[Data shown]
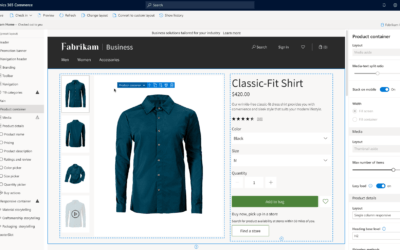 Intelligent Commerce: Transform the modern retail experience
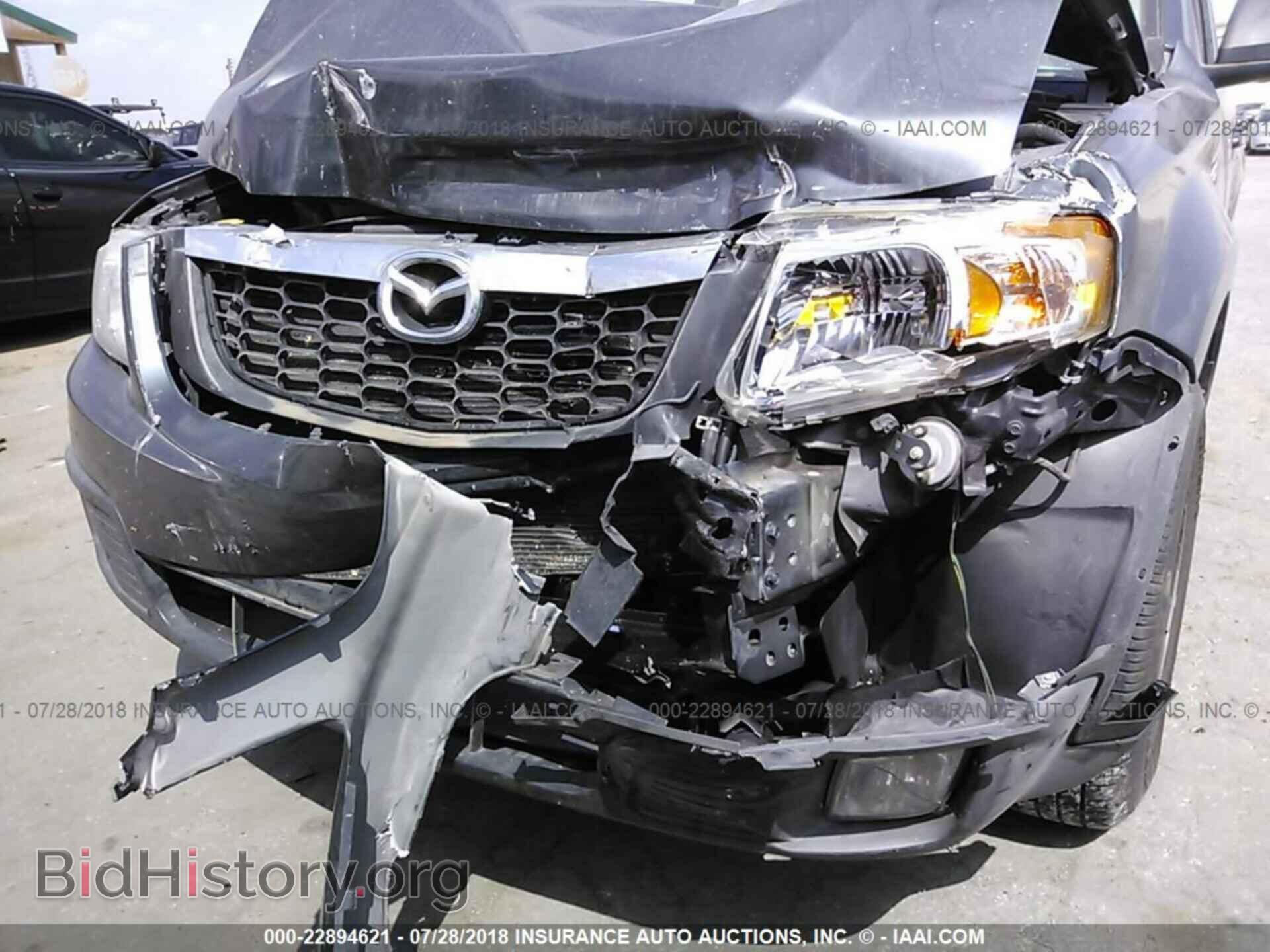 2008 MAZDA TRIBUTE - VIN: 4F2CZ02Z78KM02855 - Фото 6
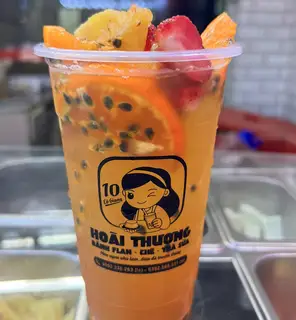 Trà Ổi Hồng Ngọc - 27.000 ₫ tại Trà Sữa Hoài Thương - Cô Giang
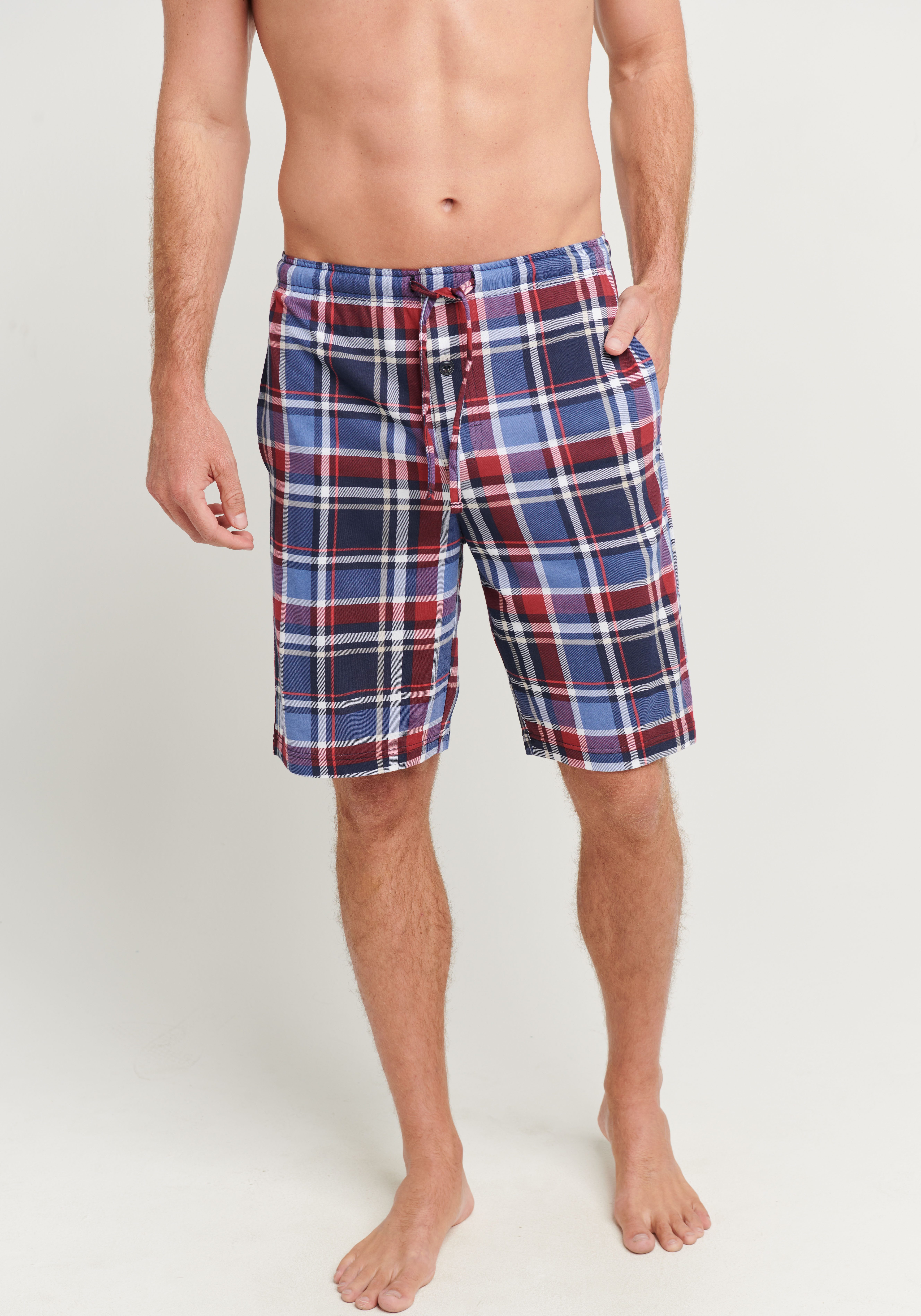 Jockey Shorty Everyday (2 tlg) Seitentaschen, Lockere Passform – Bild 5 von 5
==
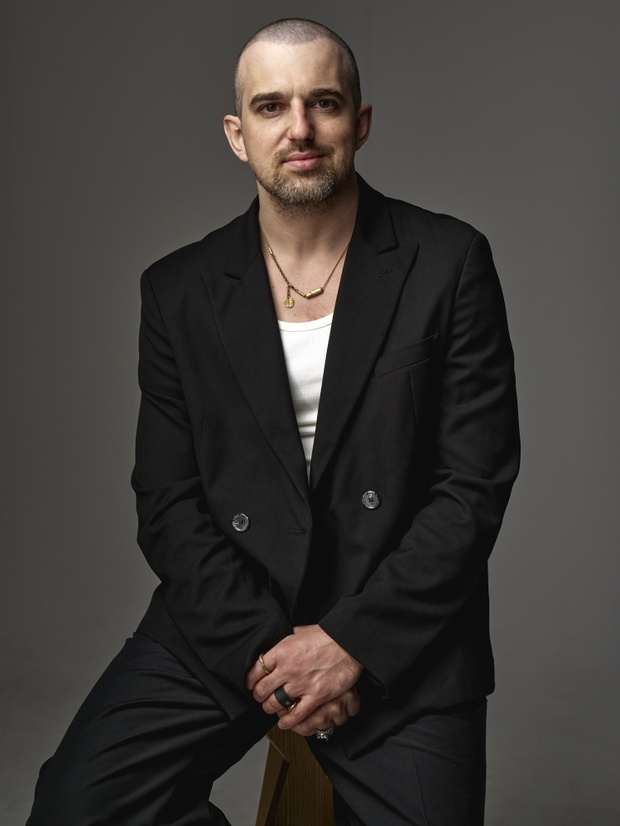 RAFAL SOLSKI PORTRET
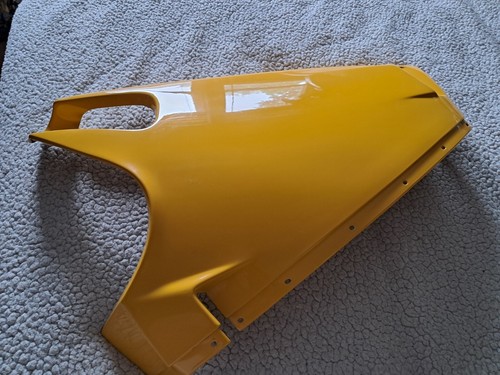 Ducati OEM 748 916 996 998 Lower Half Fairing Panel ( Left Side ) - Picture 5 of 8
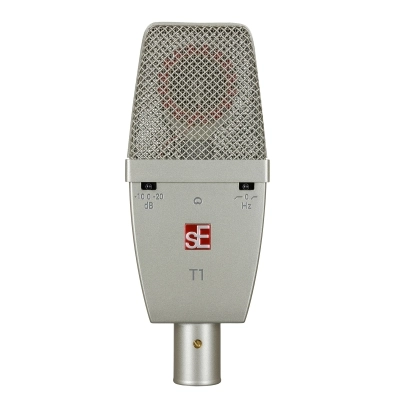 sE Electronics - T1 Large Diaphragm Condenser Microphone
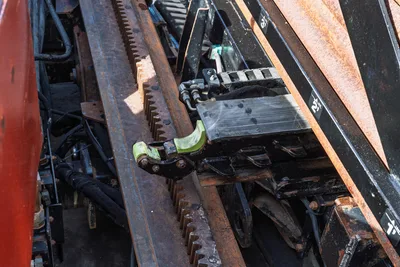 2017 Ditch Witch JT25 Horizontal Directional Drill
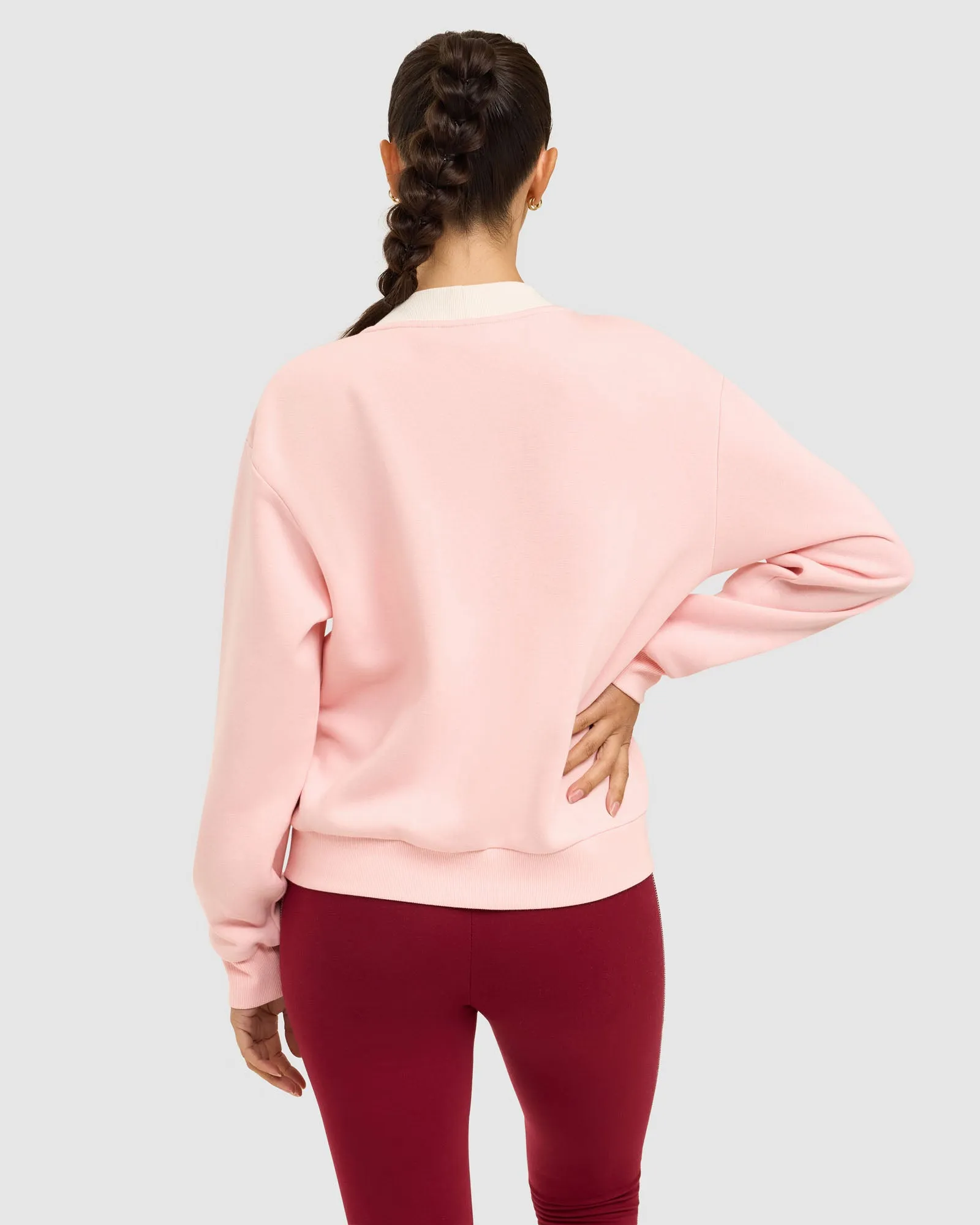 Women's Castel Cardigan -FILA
* * *
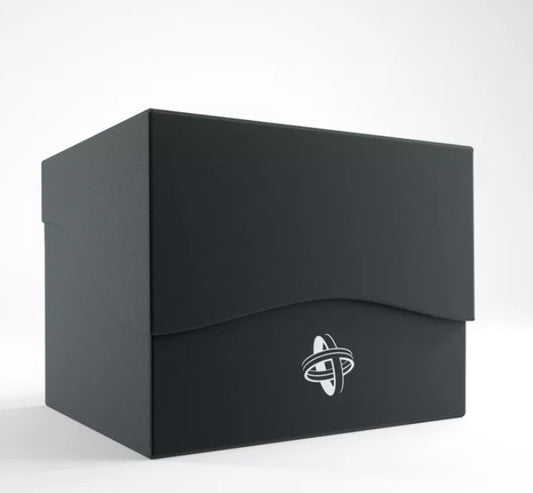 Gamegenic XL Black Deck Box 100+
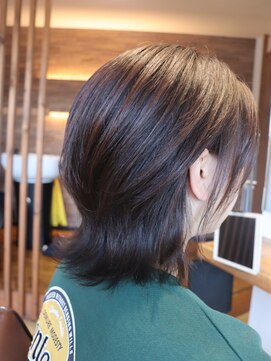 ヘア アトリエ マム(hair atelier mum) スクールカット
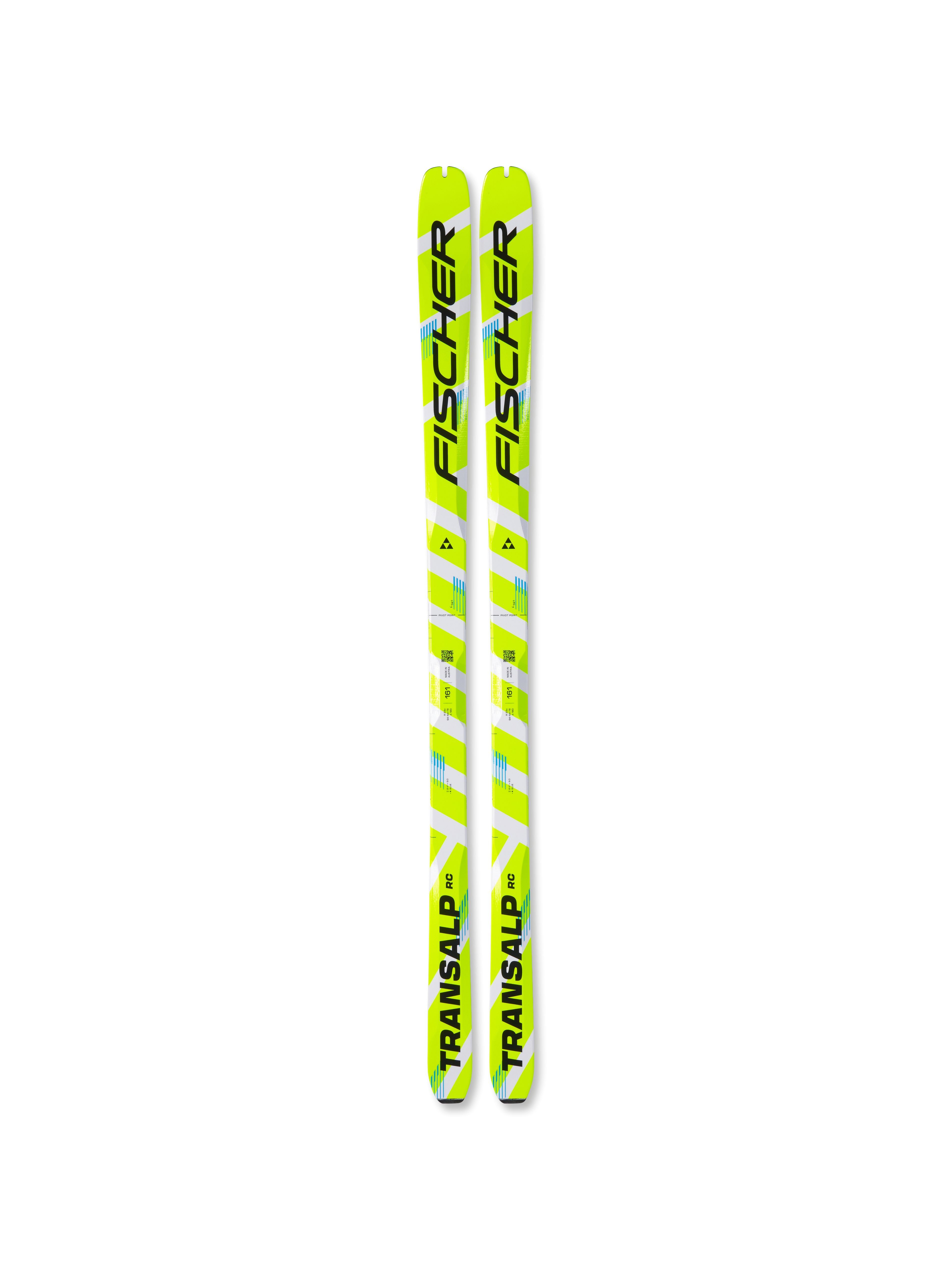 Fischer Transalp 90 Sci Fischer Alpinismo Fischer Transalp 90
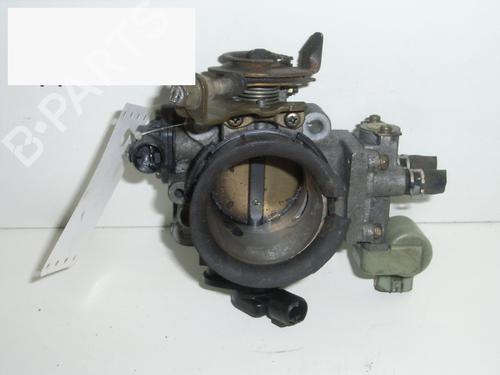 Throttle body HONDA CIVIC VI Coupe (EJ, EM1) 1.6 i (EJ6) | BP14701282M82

[What the task asks] Only the lines above starting with the line with "Intelligent Commerce: Transform" and going on through the line with "Jockey Shorty Everyday" belong in the answer; repeat them exactly, minus any picture.

[Response for this exercise]
 Intelligent Commerce: Transform the modern retail experience
 2008 MAZDA TRIBUTE - VIN: 4F2CZ02Z78KM02855 - Фото 6
 Trà Ổi Hồng Ngọc - 27.000 ₫ tại Trà Sữa Hoài Thương - Cô Giang
 Jockey Shorty Everyday (2 tlg) Seitentaschen, Lockere Passform – Bild 5 von 5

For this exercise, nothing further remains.